Is it about self-acceptance? Self-love? Self-compassion? Or Selflessness? Letting go of yourself? I don’t know. But I do know it’s about not knowing how to…..do…..any of that.

Is it about finding peace? About being enough? About wisdom? I don’t know. But I do know it’s about not having, finding, or being any of those.

Rumi says this is not a caravan of despair. Because he knew that being broken is not the end. Everything is broken.

——–

I remember, at different points, but one in particular stands out, when I was truly past the point of caring about anything about myself. I cared about people, indeed, I have always cared about people, but the best way to express that caring was to remove the toxin of myself from their lives. It’s surprisingly easy to convince yourself that’s the right thing to do.  Other people seem like Good Things, and you can convince yourself it’s the right thing to turn away from all Good Things. Self-respect. Music. Food. Sex. Even humour.

It was beauty that, for me, was the most surprising thing to stop caring about. That instantaneous response to something beautiful, like trees, like the sky, like birds in flight, just stopped happening. So I stopped looking at the sky, or trees, or birds in flight. Or much of anything. You can stare straight ahead, and see nothing, if you want to.
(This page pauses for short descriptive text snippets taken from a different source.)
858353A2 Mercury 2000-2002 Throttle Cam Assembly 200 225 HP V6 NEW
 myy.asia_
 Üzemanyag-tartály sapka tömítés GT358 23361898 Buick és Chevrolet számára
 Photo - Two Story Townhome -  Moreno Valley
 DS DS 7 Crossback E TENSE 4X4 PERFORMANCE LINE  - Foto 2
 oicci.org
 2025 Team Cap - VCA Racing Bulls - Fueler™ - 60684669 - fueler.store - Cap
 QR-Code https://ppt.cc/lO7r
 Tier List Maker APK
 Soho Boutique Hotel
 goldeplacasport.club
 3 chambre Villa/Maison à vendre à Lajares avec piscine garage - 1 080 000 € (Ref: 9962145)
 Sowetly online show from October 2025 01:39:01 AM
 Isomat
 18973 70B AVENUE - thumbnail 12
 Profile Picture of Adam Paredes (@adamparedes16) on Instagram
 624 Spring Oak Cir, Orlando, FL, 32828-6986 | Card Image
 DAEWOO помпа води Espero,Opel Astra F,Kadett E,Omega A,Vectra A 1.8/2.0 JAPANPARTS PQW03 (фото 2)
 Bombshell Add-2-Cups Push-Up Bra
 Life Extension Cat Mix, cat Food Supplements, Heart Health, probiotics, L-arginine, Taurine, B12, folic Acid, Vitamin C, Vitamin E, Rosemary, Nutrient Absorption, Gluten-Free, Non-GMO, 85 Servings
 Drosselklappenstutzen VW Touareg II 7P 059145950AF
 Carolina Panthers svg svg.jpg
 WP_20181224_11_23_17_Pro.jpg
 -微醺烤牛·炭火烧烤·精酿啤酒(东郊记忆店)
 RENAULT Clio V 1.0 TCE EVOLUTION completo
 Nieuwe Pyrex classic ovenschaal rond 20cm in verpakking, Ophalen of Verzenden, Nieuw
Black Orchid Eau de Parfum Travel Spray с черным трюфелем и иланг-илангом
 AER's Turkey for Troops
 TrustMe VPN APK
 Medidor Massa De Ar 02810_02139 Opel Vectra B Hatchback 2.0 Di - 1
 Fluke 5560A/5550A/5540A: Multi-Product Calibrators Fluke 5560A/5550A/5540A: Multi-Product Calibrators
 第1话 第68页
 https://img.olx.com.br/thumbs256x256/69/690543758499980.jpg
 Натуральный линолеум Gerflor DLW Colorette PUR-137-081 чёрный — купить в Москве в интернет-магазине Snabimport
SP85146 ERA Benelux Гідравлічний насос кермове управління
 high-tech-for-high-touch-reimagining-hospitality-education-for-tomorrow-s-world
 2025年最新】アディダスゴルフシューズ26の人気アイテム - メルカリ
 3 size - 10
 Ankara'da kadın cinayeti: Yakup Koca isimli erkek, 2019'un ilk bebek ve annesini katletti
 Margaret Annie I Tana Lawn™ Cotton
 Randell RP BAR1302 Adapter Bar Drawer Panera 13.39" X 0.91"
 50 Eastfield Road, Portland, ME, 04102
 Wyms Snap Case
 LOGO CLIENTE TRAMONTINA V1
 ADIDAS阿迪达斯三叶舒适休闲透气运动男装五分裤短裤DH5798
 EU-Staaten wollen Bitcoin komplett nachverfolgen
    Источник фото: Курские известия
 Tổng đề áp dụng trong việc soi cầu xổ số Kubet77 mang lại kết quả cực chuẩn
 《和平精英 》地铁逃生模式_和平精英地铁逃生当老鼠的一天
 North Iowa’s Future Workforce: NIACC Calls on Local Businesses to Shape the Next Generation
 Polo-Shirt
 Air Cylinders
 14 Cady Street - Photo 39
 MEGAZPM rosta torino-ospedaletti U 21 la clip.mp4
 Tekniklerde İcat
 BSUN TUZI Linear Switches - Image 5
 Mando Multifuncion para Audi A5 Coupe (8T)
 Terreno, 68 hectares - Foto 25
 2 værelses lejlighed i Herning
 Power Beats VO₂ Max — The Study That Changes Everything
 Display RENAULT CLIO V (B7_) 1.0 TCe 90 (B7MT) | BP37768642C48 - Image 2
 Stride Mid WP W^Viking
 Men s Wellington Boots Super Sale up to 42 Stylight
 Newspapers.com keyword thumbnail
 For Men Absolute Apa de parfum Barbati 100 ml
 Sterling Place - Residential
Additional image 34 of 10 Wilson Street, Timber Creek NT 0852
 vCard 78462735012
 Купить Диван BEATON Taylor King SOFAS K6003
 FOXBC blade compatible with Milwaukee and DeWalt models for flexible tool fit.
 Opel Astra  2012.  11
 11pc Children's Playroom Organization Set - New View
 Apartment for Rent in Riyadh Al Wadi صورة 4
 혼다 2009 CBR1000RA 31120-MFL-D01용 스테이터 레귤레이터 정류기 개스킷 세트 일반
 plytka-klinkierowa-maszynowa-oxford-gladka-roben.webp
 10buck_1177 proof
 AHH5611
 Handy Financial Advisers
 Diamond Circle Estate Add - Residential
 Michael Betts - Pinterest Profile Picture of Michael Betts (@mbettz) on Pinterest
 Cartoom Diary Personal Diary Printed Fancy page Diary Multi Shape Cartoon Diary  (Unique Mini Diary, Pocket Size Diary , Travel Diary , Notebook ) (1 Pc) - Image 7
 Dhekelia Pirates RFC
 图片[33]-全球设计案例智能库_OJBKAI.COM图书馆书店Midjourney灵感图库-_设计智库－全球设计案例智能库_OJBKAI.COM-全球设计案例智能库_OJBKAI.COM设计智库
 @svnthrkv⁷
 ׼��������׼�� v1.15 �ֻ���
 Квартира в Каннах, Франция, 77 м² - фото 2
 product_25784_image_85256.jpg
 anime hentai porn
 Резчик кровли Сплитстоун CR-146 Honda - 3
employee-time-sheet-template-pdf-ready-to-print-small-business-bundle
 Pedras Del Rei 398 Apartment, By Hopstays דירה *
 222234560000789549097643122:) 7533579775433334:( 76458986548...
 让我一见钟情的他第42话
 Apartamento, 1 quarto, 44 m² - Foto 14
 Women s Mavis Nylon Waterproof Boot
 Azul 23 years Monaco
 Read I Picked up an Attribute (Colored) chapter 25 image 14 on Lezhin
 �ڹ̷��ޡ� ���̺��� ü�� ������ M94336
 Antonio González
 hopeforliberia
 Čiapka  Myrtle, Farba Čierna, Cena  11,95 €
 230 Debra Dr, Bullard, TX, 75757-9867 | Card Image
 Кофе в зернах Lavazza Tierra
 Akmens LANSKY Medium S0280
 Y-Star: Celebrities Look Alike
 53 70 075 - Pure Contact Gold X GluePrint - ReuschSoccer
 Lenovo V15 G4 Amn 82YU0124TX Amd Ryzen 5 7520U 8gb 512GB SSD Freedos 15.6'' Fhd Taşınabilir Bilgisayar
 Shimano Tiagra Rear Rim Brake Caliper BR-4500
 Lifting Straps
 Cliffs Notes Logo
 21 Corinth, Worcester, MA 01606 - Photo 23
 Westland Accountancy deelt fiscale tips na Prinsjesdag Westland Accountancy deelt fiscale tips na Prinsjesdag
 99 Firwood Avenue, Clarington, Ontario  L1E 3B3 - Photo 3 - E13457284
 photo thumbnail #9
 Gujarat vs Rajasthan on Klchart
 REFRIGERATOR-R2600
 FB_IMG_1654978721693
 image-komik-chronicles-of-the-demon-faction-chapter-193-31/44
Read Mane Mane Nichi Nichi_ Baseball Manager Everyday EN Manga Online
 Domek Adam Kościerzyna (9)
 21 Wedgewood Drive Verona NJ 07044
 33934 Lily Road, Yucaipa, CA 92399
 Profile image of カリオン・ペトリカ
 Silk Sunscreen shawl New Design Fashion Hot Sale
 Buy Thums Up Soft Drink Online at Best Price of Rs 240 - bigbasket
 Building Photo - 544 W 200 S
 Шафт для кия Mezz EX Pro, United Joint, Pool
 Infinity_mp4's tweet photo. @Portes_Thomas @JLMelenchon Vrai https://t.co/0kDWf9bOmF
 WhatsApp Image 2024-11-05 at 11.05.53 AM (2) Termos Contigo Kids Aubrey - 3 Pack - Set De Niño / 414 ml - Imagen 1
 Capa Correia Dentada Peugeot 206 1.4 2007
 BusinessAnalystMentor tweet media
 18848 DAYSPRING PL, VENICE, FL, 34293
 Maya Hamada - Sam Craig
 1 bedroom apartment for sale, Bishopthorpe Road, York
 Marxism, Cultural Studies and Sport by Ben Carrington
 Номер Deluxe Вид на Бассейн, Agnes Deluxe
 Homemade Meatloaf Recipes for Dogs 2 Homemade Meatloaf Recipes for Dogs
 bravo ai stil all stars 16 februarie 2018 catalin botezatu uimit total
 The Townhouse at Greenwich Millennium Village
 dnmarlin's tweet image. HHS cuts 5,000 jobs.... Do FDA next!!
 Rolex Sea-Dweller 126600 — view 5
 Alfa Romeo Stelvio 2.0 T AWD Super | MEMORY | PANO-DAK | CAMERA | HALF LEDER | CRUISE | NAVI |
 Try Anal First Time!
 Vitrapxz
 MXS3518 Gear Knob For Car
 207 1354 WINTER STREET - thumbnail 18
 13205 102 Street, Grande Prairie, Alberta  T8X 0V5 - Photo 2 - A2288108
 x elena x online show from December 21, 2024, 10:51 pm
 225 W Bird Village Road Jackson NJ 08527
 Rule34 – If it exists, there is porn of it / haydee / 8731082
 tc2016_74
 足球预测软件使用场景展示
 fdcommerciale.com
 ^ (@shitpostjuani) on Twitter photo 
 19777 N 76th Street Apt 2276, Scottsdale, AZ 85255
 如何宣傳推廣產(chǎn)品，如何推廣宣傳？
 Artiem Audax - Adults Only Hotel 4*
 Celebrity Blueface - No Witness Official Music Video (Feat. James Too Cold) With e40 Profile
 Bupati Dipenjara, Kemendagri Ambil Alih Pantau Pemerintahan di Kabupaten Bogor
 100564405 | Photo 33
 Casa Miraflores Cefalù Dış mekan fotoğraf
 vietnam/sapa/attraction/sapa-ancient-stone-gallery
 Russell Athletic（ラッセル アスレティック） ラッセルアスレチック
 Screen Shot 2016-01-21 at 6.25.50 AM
You can spend a very long time inside your own mental deprivation chamber. You can drop everything. Everyone. You can even drop “wanting to get better”. If someone came along with a purported solution, even a magic wish or Ancient Artifact, I would have said, no thanks, give it to someone else, I don’t care.

Eventually, without trying to do anything in particular, I glimpsed the sky one morning. I just looked up, for no apparent reason, and there it was. Overcast, a beautiful, subtle blending of greys.

I thought, for just a few seconds, “wow…..” And then I put my head back down and kept walking. I would have liked to have been the kind of person to take that moment and turn it into an epiphany, a new way of being, to make it my turnaround moment.

But I wasn’t that person. I just had those few seconds. Many weeks passed before I had a few more.

This is what spiritual practice is. Having those moments and feeling yourself open. Or, not having them and feeling yourself close. Can “you” increase those moments, stretch them out, savour them more? Can “you” shorten the length of down-time in between them? Can you accept the shit, and appreciate the flower too? Is the Mystery of your Being, your Will, your Intentionality, able to make any difference?

Maybe. Maybe not today. But each day, each moment, is another chance to raise your eyes to the sky and reconnect with What Is. The offer is always there. Even if you have broken your vows a thousand times.